Figure 5. A Detailed Investigation of a DUP Events Identified by DRAGEN™ CNV. A. An IGV screenshot displays the genomic region harboring one DRAGEN™-called DUP event chr17:22130212-22156606. Three genomic tracks from top to bottom include DRAGEN™ 4.2.4 output cnv_sv.vcf, HG002-T2T v0.9 dipcall VCF, HG002 HiFi PBSV VCF. B. Alignment results for DRAGEN™-called DUP Event chr17:22130212-22156606. Copies of this DUP event are shown in hg38, HG002 maternal, and HG002 paternal chromosomes.
Overall, our alignment-based CNV evaluation method represents a pioneering approach in the intricate realm of CNV events. By harnessing the power of the HG002-T2T genome assembly, we’ve unlocked the ability to not only unveil CNV events in finer resolution but also delve deeper into spatial relationships and characteristics of adjacent CNV events.

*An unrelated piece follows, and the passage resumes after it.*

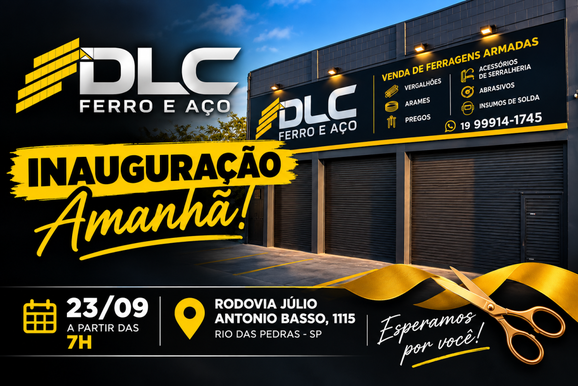 DLC Ferro e A&ccedil;o inaugura em Rio das Pedras nesta quarta-feira (23)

Conclusion and Future Work
In this work, we evaluated the performance of the DRAGEN™ v4.2.4 CNV caller, utilizing dipcall events from HG002-T2T v0.9 assembly and HiFi PBSV data as our benchmarking datasets. It’s worth noting that some of the FPs initially identified using this method ended up revealing limitations within the benchmarking datasets. The limitations inherent in conventional evaluation approaches prompted us to embark on a journey towards developing a new alignment-based methodology by harnessing the power of the HG002-T2T genome assembly. Using this novel approach, we found some of the query FPs suggested by benchmarking datasets were actually TP events, highlighting the room for improvements of benchmarking datasets. Conversely, some FPs were indeed true FPs providing valuable insights that can inform methods or filtering strategies in future CNV callers.

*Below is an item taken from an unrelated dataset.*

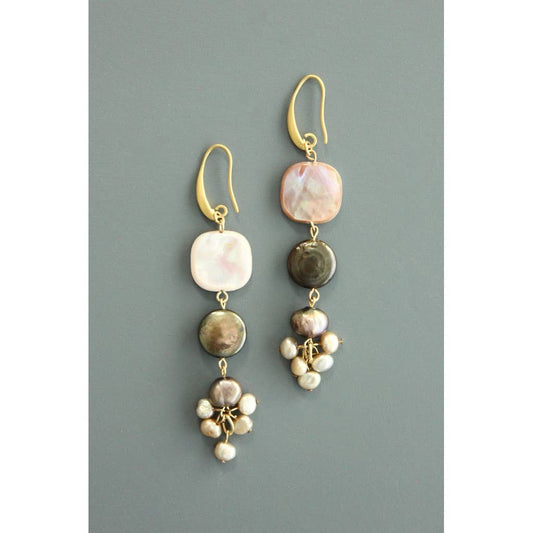 ATHE31 Mother of pearl and Fresh water pearl earrings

While we have made significant strides in understanding CNV events within the HG002 sample, we acknowledge that a full validation across all DRAGENTM called CNV events leveraging our alignment-based approach is yet to be completed. As we anticipate a growing number of completed genomes emerging from the T2T effort, we hope to streamline and refine this alignment-based CNV evaluation method, providing a transformative means of evaluating CNV events across a broader spectrum of genomes.